But something changed, just before the Transfiguration. Jesus asked Peter, “Who do you say that I am?” and Peter responded “The Messiah of God.” And then everything changed, and Jesus told his closest disciples:
The Son of Man must undergo great suffering, and be rejected by the elders, chief priests, and scribes, and be killed, and on the third day be raised….If any want to become my followers, let them deny themselves and take up their cross daily and follow me. For those who want to save their life will lose it, and those who lose their life for my sake will save it….
Eight days later, Christ’s glory is revealed, he comes down from the mountain, drives out a demon, and sets his face towards Jerusalem – not towards a royal coronation but towards a traitor’s death.
Now hear again the exchange in today’s reading: “Someone said to him, ‘I will follow you wherever you go.’” And Jesus calls to another, saying “Follow me,” but the man responds, “Lord, first let me go and bury my father.” And another promises, “I will follow you, Lord,” but asks for a caveat: “Let me first say farewell to those at my home.”
Christ’s response is jarring: “No one who sets their hand to the plow and looks back is fit for the kingdom of God.”
Up until now, it had been a fairly easy path to trod, akin to map reading in a parking lot. But now we’re heading into the wilderness where the terrain is bumpy, snakes are whispering their temptations, the vegetation is dense, and sun is beating down.
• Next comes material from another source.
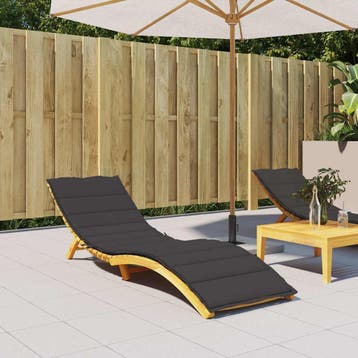 vidaXL Ligbedkussen 200x60x3 cm oxford stof zwart, Verzenden, Nieuw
Now it’s easy to get lost, to get distracted, to turn back and flee from the dangerous times to come. Now all you want to do is look back.
Our Lord has called us to follow him – to Jerusalem, to the cross, to the grave. To follow him in the ways of blessing the poor and the oppressed, of loving our enemies and praying for those who persecute us. To take up our cross daily. There’s no turning back.
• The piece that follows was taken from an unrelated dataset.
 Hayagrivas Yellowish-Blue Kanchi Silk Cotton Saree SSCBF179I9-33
Following Christ will lead us into conflict with the powers and principalities of this world. In the past, it has meant showing up at segregated lunch counters and polling places, facing down violent mobs led by state troopers. Just two years ago, it meant taking to the streets of Charlottesville and standing against a resurgent white nationalism. Today, it means calling for our representatives to feed and shelter migrant children in their care. And make no mistake: Christians that have stood with the marginalized and been a blessing to the poor have always had the cross forced upon them. It is no different today.
But following Christ also means following him out of the grave! We can endure these trials and tribulations, we can follow Jesus in the wilderness, we can pick up our cross daily, and we can withstand the temptation to look back because we know that there is something far, far better waiting for us! Our Lord was rejected in Jerusalem, and killed, but on the third day he was raised! And we know that even if we lose our life, Christ will save us from death!
So, beloved, follow Christ. Don’t look back towards the grave. Look forward towards the Altar, and behold the Risen Christ, trusting that God has given us the grace we need to endure our sojourn through the wilderness! Look forward towards the resurrection, trusting that we will join our Lord in life everlasting.